Si ses yeux pouvaient lancer des couteaux, je serais mort à cet instant.
― Mais ce n'est pas ce que je vous demande, ce n'est pas ce que je désire.
― Vous avez décidément beaucoup d'espoirs me concernant, dit-il avec un air las.
― Depuis hier, j'ai juste envie de veiller sur vous.
― Et dans deux jours, qu'est-ce que ce sera ? Une nouvelle humeur ?
― Père William, soufflé-je, désespéré, je comprends votre animosité envers moi. Je la comprends très bien. Mais laissez-moi une chance de vous prouver que je ne suis pas l'immonde connard que vous pensez. En arrivant ici, j'avais des préjugés envers vous, moi aussi, et j'ai changé d'avis.
― En quelques jours ?
― « Ce n'est pas une équation que l'on peut maîtriser » ... tenté-je dans un sourire contrit.
― Vous n'avez pas de coup de cœur pour moi, cessez de divaguer, fait-il en levant les yeux au ciel.
― OK, disons juste... que je tiens à vous ?
Il me fixe comme si j'étais le plus gros menteur de l'univers, puis regarde ailleurs dans un profond soupir.
― Vous m'épuisez, monsieur Nightingall.
― Vous me croyez donc si mauvais que ça ? Je veux dire... vous me pensez irrattrapable ?

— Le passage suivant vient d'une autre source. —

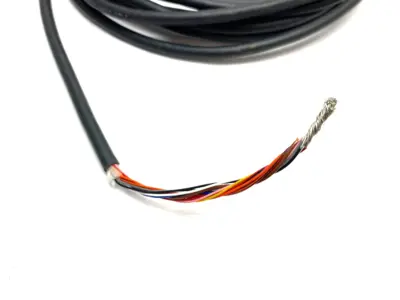USED KEYENCE SAFETY CURTAIN MAIN UNIT CONNECTION CABLE 5M NPN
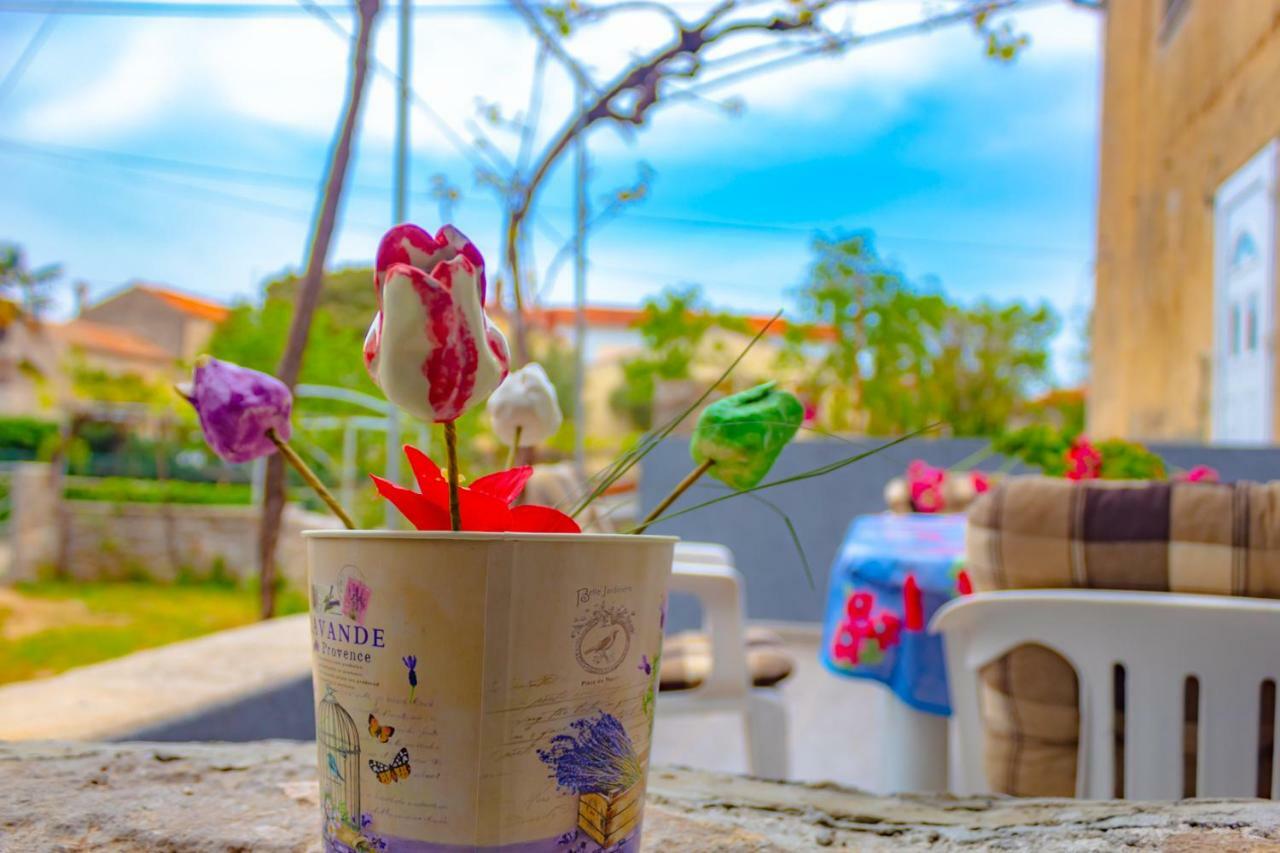 Kuca Za Odmor Kornic Villa Ngoại thất bức ảnh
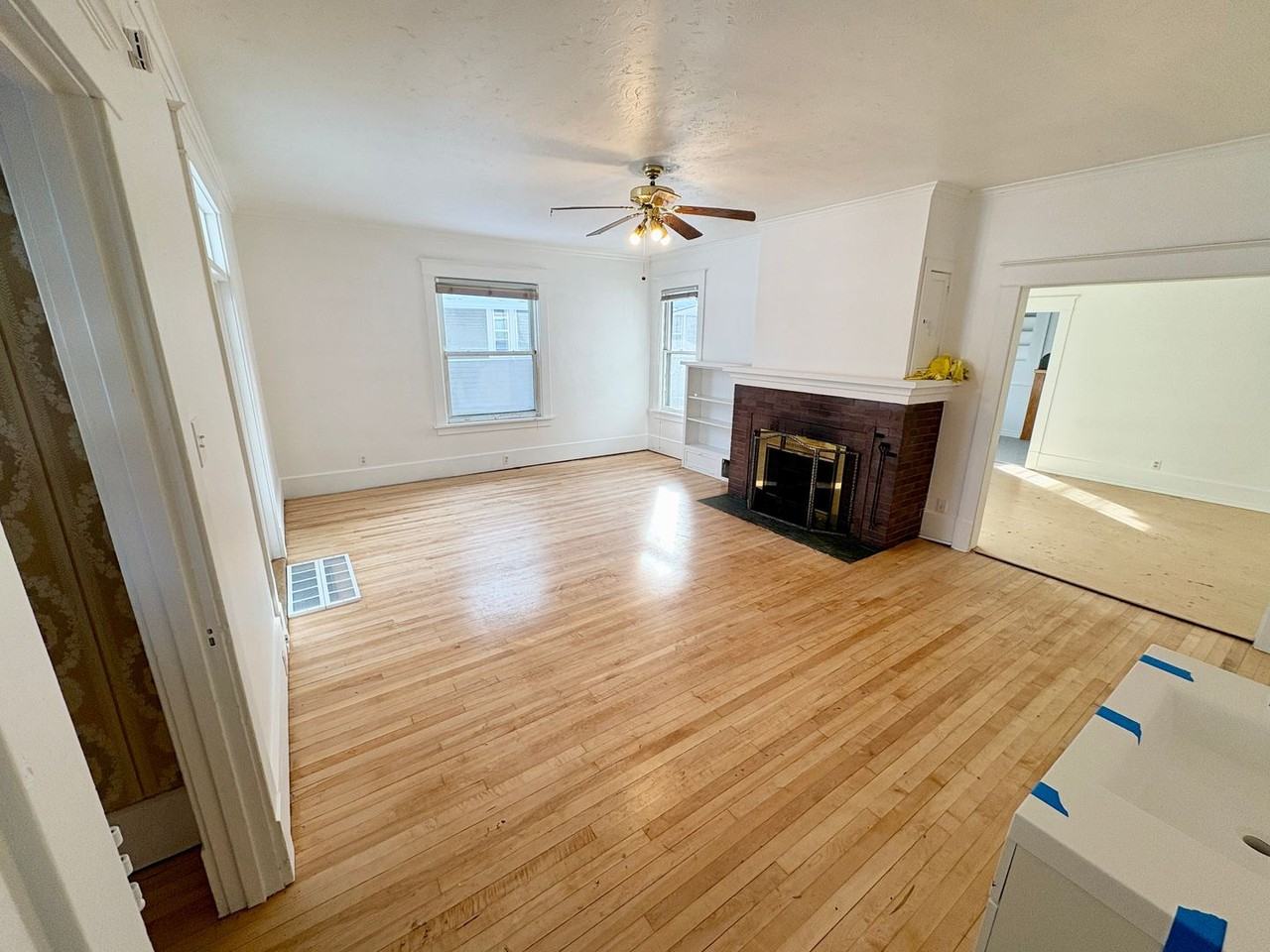 1016 N 31st St - Photo 3 of 21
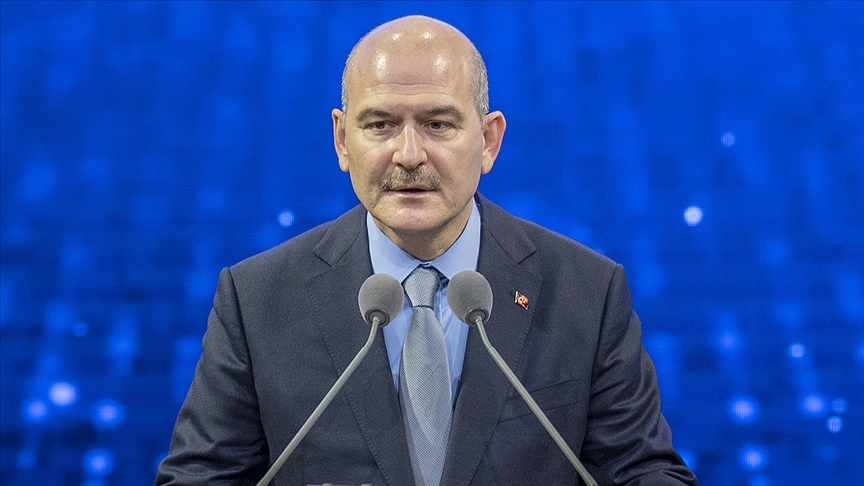 Bakan Soylu: Alın terleri ve kalpleriyle bugünümüzü ve yarınlarımızı inşa eden tüm kadınlarımıza saygılarımı sunuyorum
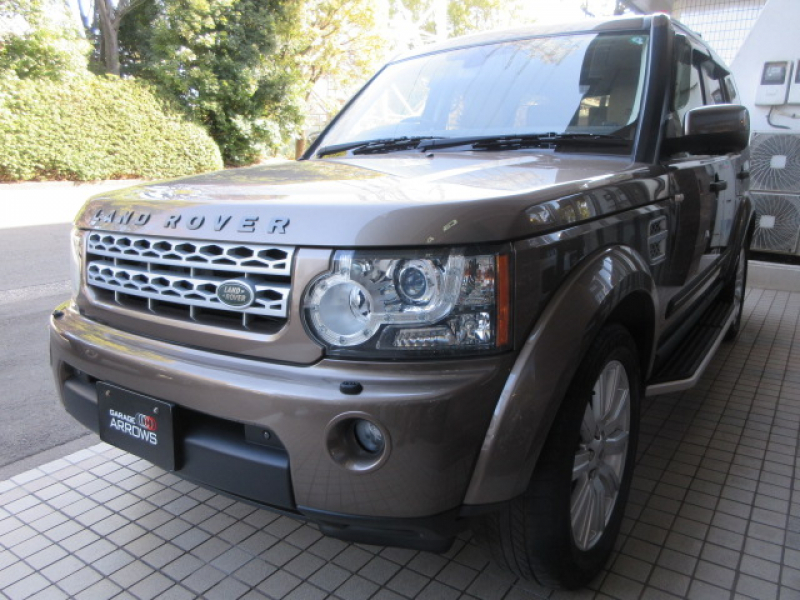 ランドローバー ディスカバリー4 5.0SE 本革 3SR 純正ナビTV 純正19AW 7人乗り AJ5.0V8最終モデル サイドステップ 全方位カメラ リアPDC ハーマンカードン Bluetoothオーディオ  バイキセノンヘッドライト プッシュSTART スマートKEY 正規ディーラー車 右ハンドル 記録簿付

Je plonge un regard chagrin dans le sien, puis baisse les yeux en silence. Keira me répète sans cesse que je m'attache trop vite aux gens, et trop fort. Un éclair, une tempête de feu, voilà à quoi ont toujours ressemblé mes sentiments. Il n'y a pas de mer calme chez moi, seulement des tsunamis. Peut-être que, cette fois, j'ai trop de sang sur les mains pour espérer les laver en si peu de temps... Et puis, comment pourrait-il aimer le monstre que je suis devenu ?
― C'est pas grave, murmuré-je. Je me montrerai bon envers vous, sur votre conseil, même si vous continuez à me détester. Et j'entretiendrai Saint Edward tant que vous y serez, puisque c'est le seul moyen d'assurer votre bien-être.
Ses bras retombent le long de son corps.
― Pourquoi moi ? Je ne comprends pas.
― C'est la question que je me pose depuis deux jours, fais-je dans une moue déconfite. Moi qui suis censé vous mépriser...
― Puis-je vous demander pourquoi ?
Si tu savais, mon petit William, tu me noyer dans un seau d'eau bénite et tu prendrais tes jambes à ton cou.
― C'est une longue histoire pour laquelle vous n'aurez aucun intérêt, dis-je en me massant la nuque. Bref, j'espère juste que vous me laisserez remplacer père Thomas, d'une certaine manière. Il s'inquiète beaucoup pour vous, je voudrais juste...
― C'est bon, lâche-t-il dans un énième soupir en tournant la tête. Mais ne traînez pas dans mes pattes.
Mon visage s'illumine. Dès l'instant où j'ouvre la bouche pour exprimer mon enthousiasme, il brandit l'index.
― Non. Interdit de vous emballer pour si peu.
Je me musèle d'un geste de fermoir sur les lèvres et joints les paumes devant lui.
― Merci de m'accepter à vos côtés, père William.
― Inutile de me remercier.
Toujours aussi froid, il fait volte-face dans un mouvement gracieux de robe et s'éloigne de moi. Mon cœur tambourine dans ma poitrine. J'ai l'impression d'être un gamin à qui l'on vient d'offrir un grand huit.